== Data excerpts ==
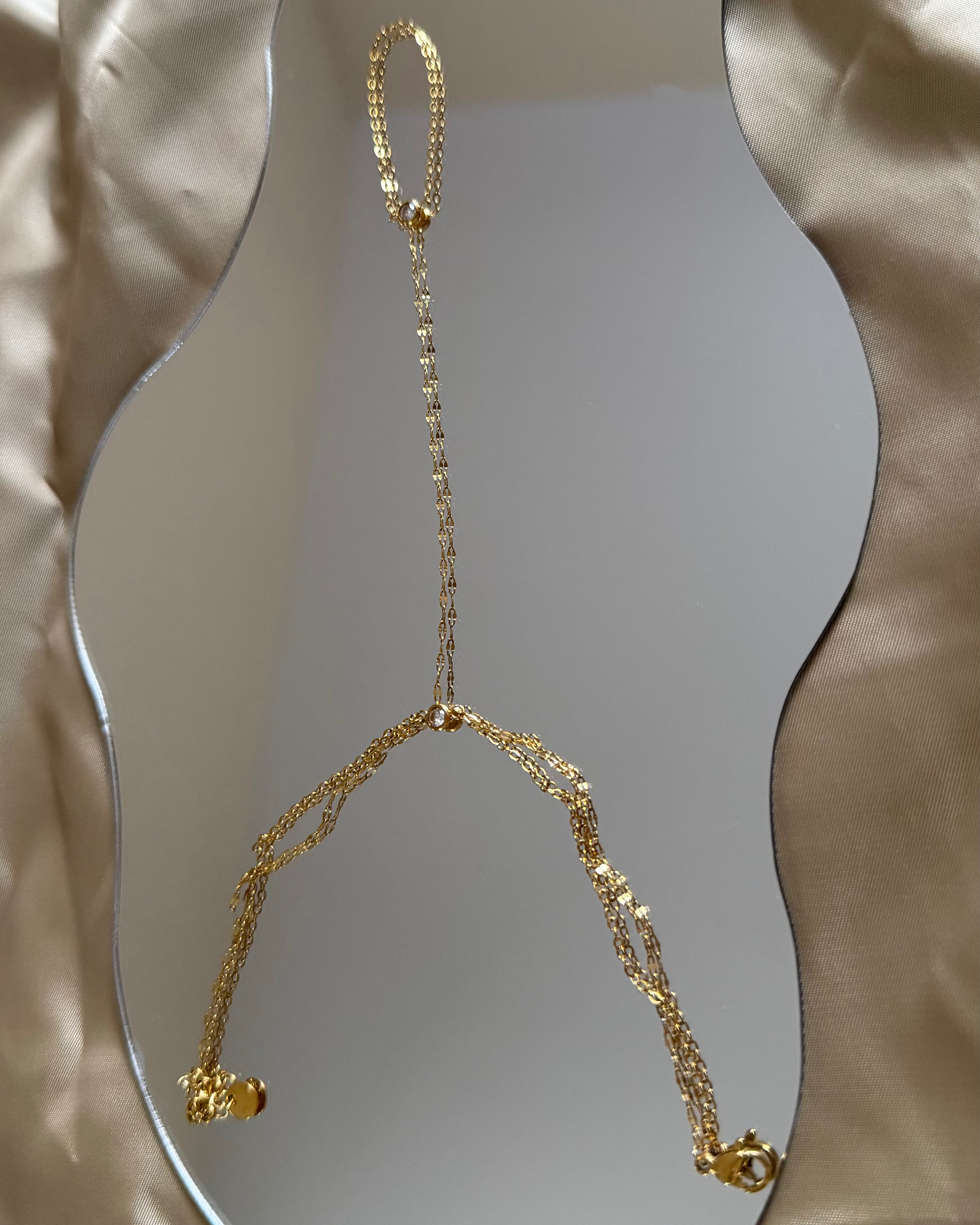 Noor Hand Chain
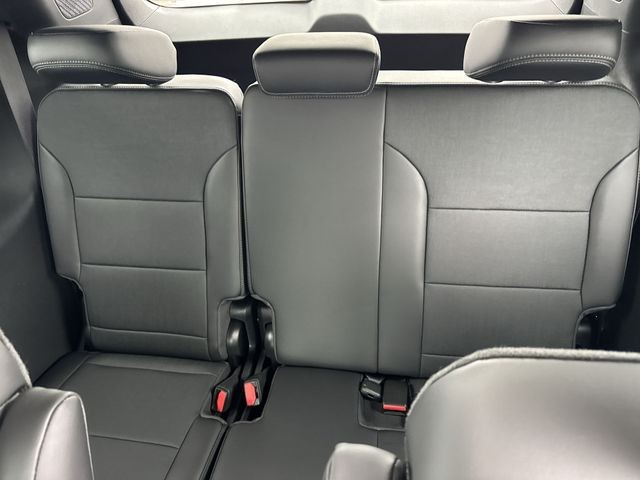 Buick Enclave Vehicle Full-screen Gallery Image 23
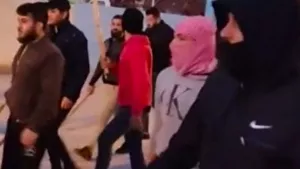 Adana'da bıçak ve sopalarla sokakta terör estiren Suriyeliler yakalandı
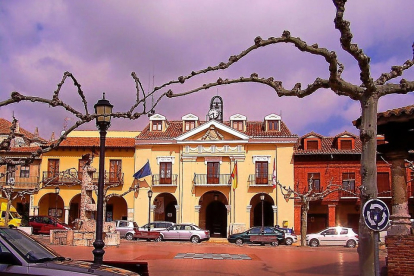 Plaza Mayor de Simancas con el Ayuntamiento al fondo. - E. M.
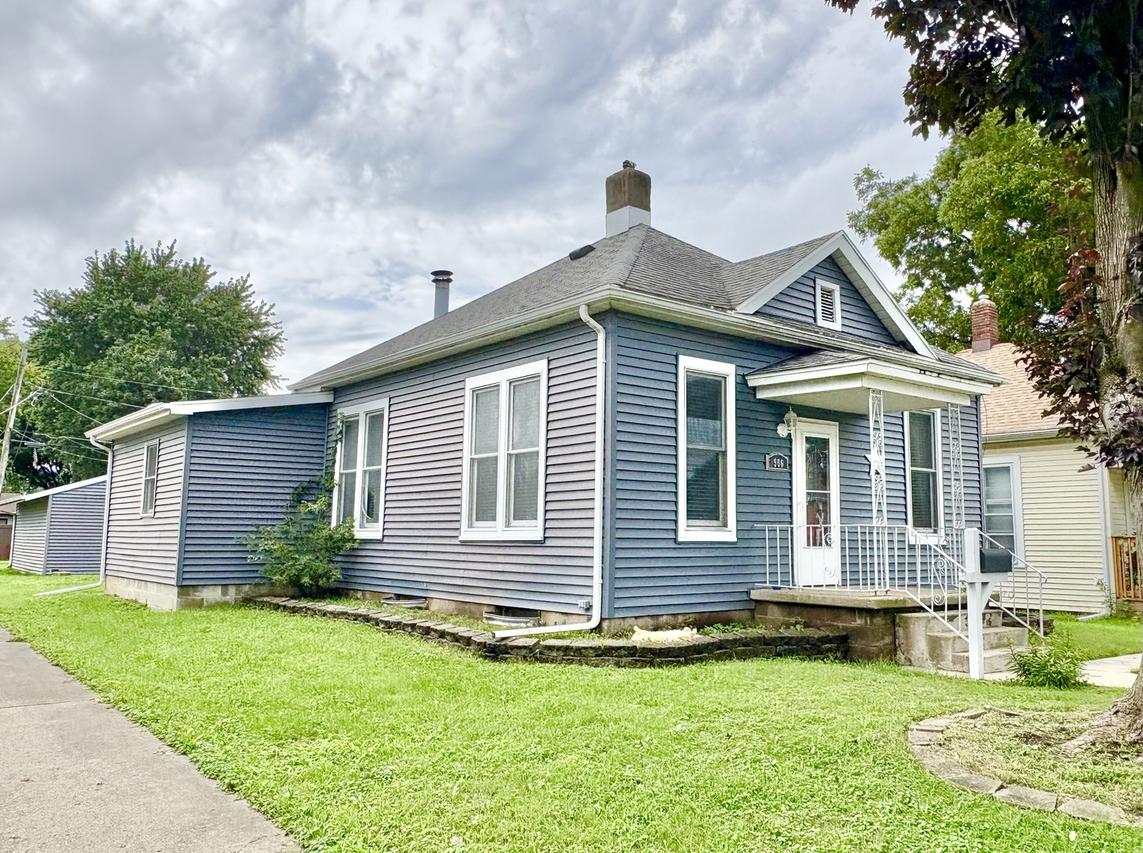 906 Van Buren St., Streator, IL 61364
===
▶ [Try it]
In the records above, find the line containing "Adana'da bıçak ve" and restate it and every line after it word for word, all pictures excluded.

▶ [Response to this exercise]
 Adana'da bıçak ve sopalarla sokakta terör estiren Suriyeliler yakalandı
 Plaza Mayor de Simancas con el Ayuntamiento al fondo. - E. M.
 906 Van Buren St., Streator, IL 61364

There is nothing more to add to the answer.